2016年に1号店をオープンしたluckin coffee。1万店舗達成が目前だ。
Reuters
luckin coffee(瑞幸珈琲)が、中国のコーヒーチェーン市場で初めてとなる1万店舗体制に間もなく到達する。スターバックスが1999年に上陸するまではコーヒー文化がほとんどなかったが、四半世紀を経て徐々に受け入れられ、海外進出に乗り出す企業も現れた。ゼロコロナ政策が終了し、経済が正常化に向かっている2023年は、スタバをはじめ多くのコーヒーチェーンが出店攻勢を強めており、拡大と淘汰の一年になりそうだ。
1~3月で1000店超出店
luckin coffeeは5月1日、2023年1~3月期決算を発表した。売上高は前年同期比84.5%増の44億3670万元(約860億円、1元=19.4円換算)。既存店売上高は同29%伸びた。純利益は5億6000万元(約108億円)で、前年同期(1984万元)の3倍近くに増えた。

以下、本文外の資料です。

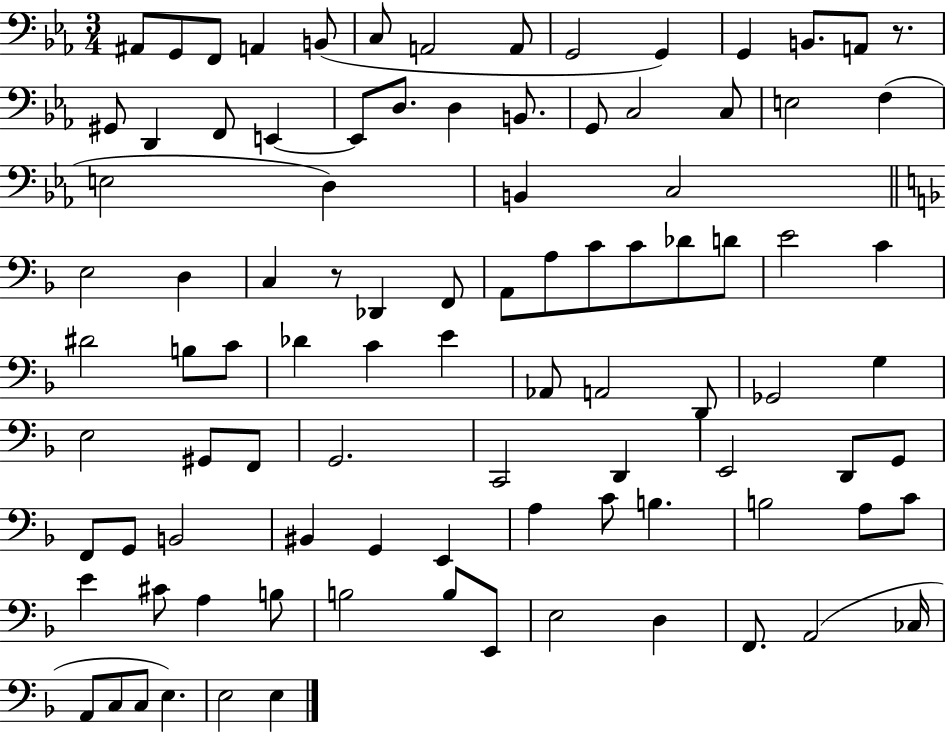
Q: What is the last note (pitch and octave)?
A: E3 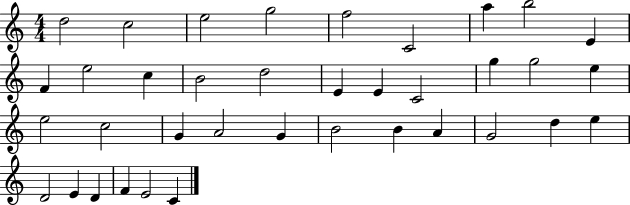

同社の今年3月末時点の店舗数は9351店。2022年3月末は6580店舗だったので1年間で2771店、今年に入ってから1000店以上増加した。2022年10~12月はゼロコロナ政策によって出店がやや鈍化していたが、同政策終了後、一気に拡大体制に入ったことが分かる。 2018年に1号店を出店した luckin coffeeは今年初めに「2023年前半に1万店舗」の目標を掲げていたが、今のペースで行けば5月中に達成しそうだ。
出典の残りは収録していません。